I say that not to brag, but just to point out how involving and dense the assignment has been.   From the very beginning, I knew that it would be huge amounts of additional work for which I would never receive any real additional compensation.   I would do it because I know that it would help me to the same extent that it would help the rest of my colleagues individually, and because collectively it would have a very positive impact not only on the teaching profession in the San Joaquin Valley, but on many other employees of Fresno Unified represented by other collective bargaining units.   These units typically have parity clauses in their contracts, sometimes called 'me-too' clauses, that guarantee that whatever basic terms are agreed to by FTA with the district on salary and benefits would apply to the other units as well.    So it's not just teachers that stand to gain from a fair contract:  custodians, bus drivers, cafeteria workers and so forth would all tend to do better.

That, in turn, transfers millions of dollars from the public agency that employs us into the local economy.   Families of teachers and other district employees have more money to make their bills, better health benefits to cover the unpredictable challenges, and greater ability to demonstrate income to realtors and bankers.  Because of this deal, there will now be more district employees who will now be able to get a mortgage, settle in the communities they serve and start raising families of their own.   The monies they spend  will stimulate the local economy, encouraging businesses to create more jobs and augmenting the tax base that helps feed local government, including Fresno Unified.   This is a big win not just for teachers, but for the Fresno community, that the largest employer in the county is poised to offer its employees substantially-improved wages and health benefits.

Has all my work been worth it?   Yes.   But is the work over?   Not quite.  The Association's Rep Council must approve sending it to our membership for an up-or-down vote (ratification).   The Rep Council meets on Monday.   If the TA is approved by the Rep Council, it goes to our members on Friday, June 13th.   In two sessions on that date, teachers by the thousands will be asked to approve the agreement.   At that moment, I will finally be able to breathe easier about the 362 days I spent on the Negotiating Team.   I will know that while it is not a perfect agreement, it was almost certainly the best deal that could be obtained at this time.   Since I am also on the FTA's Executive Board for another year, I will work in that role to help implement and monitor the terms of the new contract.   And, behind the scenes, I am going to work to improve the often-fractious and polarized governance of the Association.

At some point, one hopes, the fire that has burned inside and sustained this journey will be extinguished, and I can turn my attention to other interests.   But the fire has burned long and hard, and has left its mark on me.
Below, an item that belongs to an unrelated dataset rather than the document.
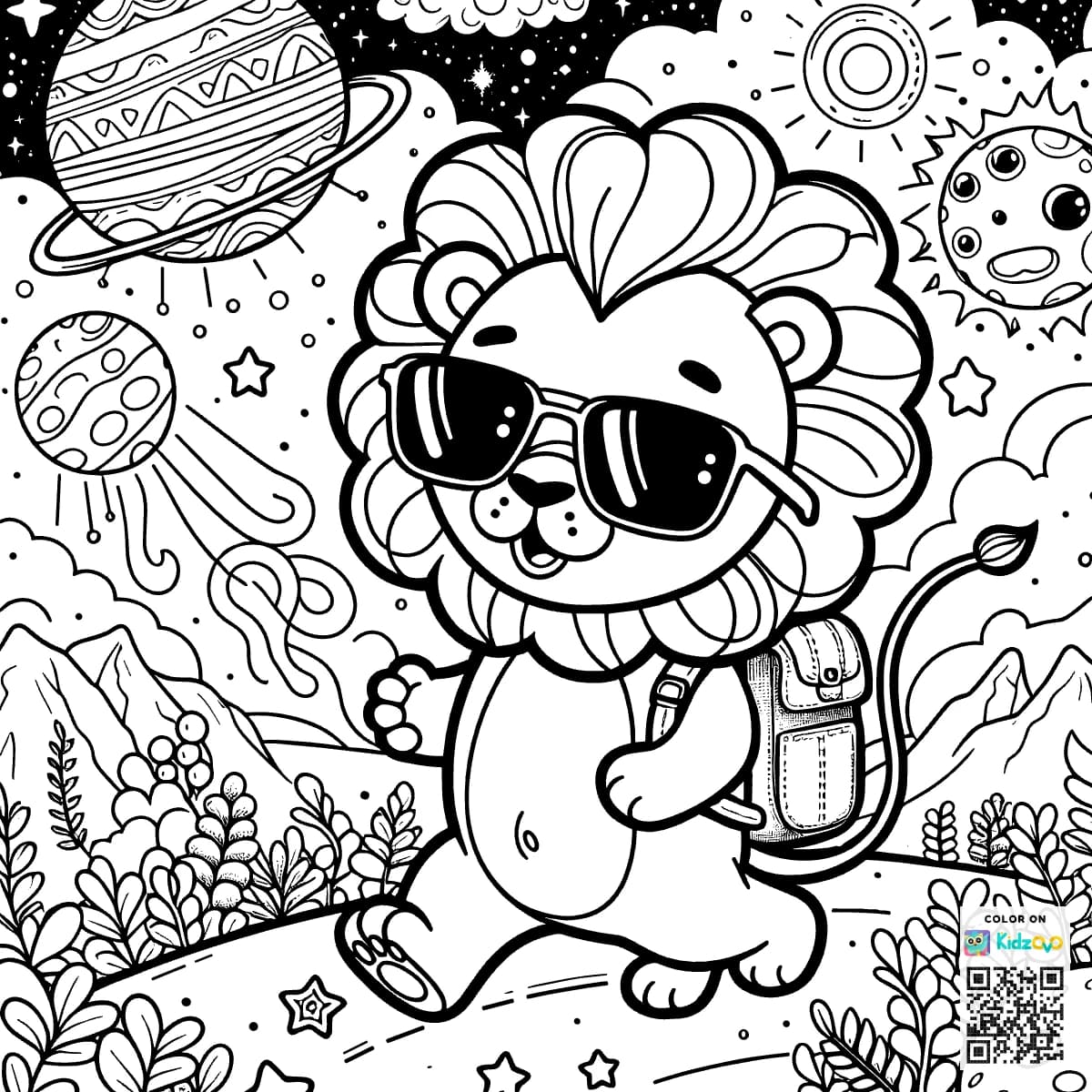 A Cute Lion in Space wearing Sunglasses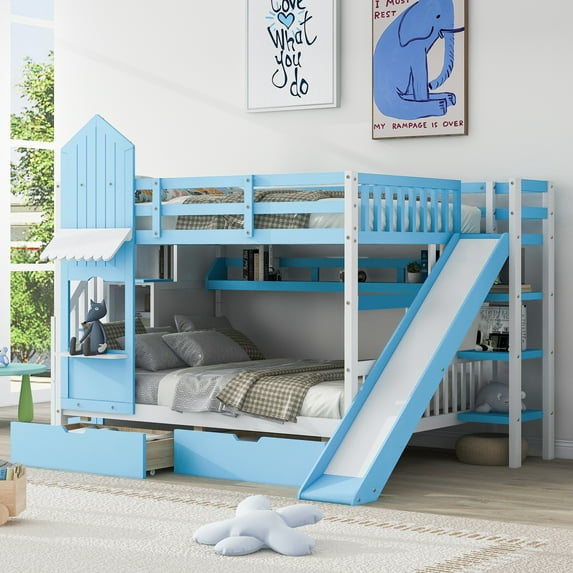 BELLEMAVE Kids Castle Bunk Bed with Storage Drawers, Shelf, Slide and Safety Guardrail, Full over Full Bunk Bed with Stairs, Castle Bunk Bed/Playhouse Bed for Girls, Boys, Kids(Blue)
If I feel some satisfaction on the outcome, I also feel a little wounded on the inside.   It is hard to turn off the often-adversarial nature of the process, to quit running potentially-confrontational scenarios in my head when I'm trying to go to sleep at night, to suppress---again and again---the very real worry that all of my FTA work has left too little time for family, too little time for friendship, too little time for my church and my music and my students.   A price had to be paid to get this agreement.   So, today, on Pentecost, I will pray for another kind of fire:  the movement of the Spirit, to convict me of my shortcomings, purify my motives and prompt my future actions.